While the Chinook Salmon have a much reduced impact:



> This information also leads to the conclusion that the reintroduction of chinook salmon above Condit Dam would reduce the resident rainbow trout population approximately lO percent. This reduction is due to a small overlap in the habitat used by resident rainbow trout and chinook salmon.


So back to the OP's original point, he caught a ton of juvenile steelhead, and in his opinion, it was at the expense of other trout species that could be present in the system. I tend to agree that Steelhead, specifically, will reduce the number of resident trout since they compete directly for habitat and food. 

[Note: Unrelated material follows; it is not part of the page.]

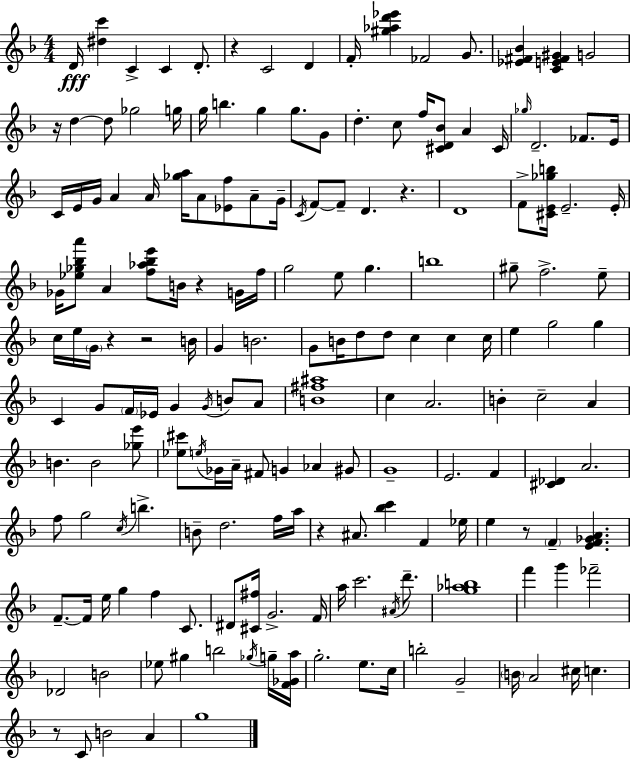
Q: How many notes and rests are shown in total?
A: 175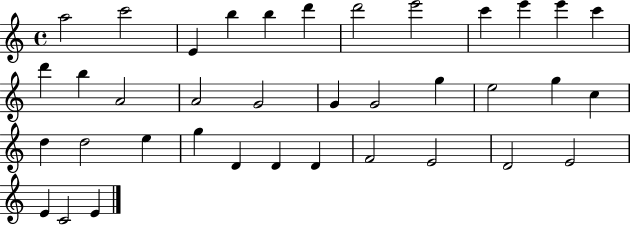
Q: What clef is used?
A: treble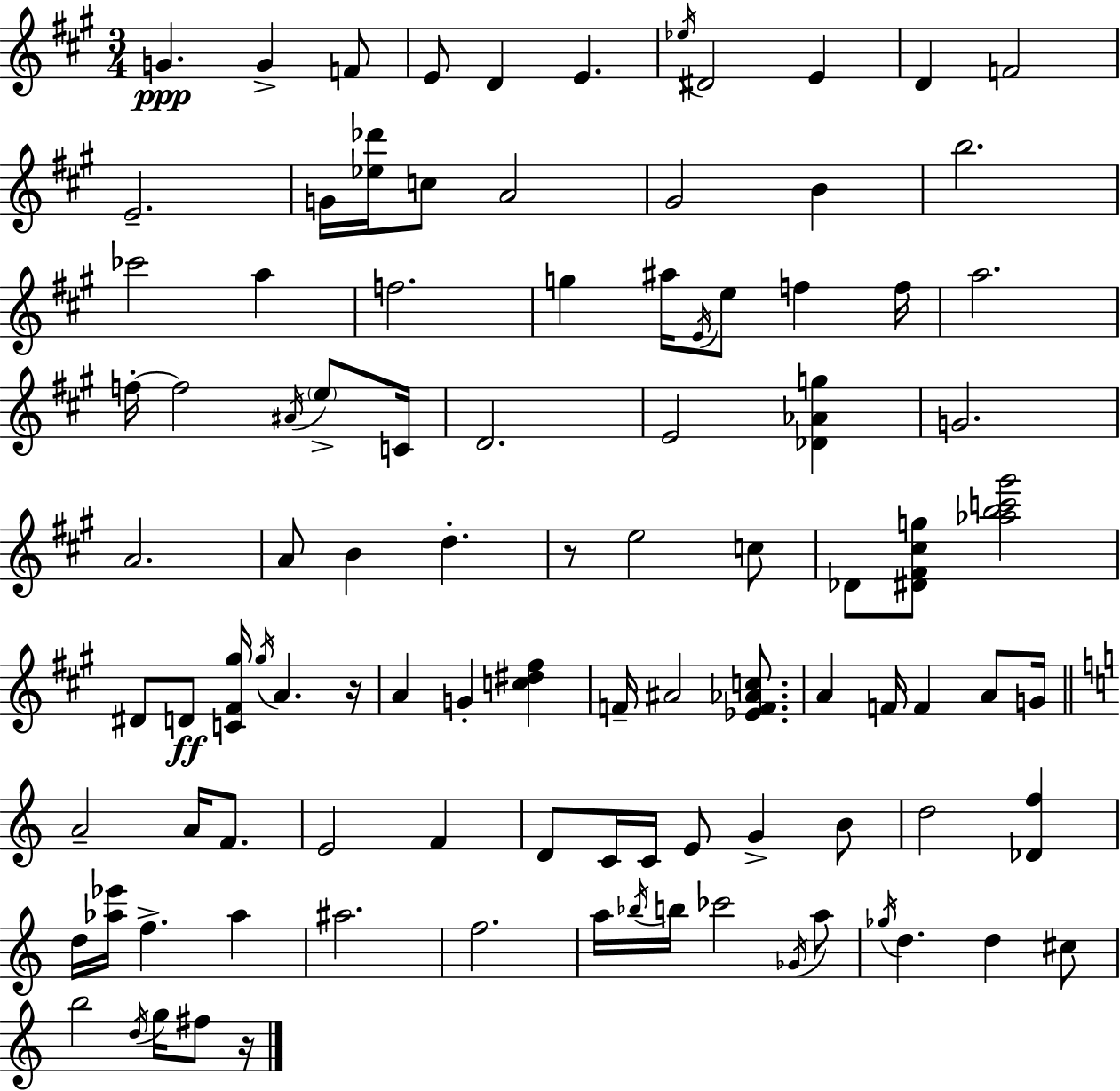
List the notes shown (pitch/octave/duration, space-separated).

Brown trout may do a better job of avoiding this competition since they tend to be larger, and can probably hold prime cover over the juvenile steelhead. Brook trout, however, probably do not fair as well. And obviously, resident rainbows, based on this study, do very poorly. 

Point is, a lot of factors go into a river's ecosystem and inter-species competition is certainly an important one. 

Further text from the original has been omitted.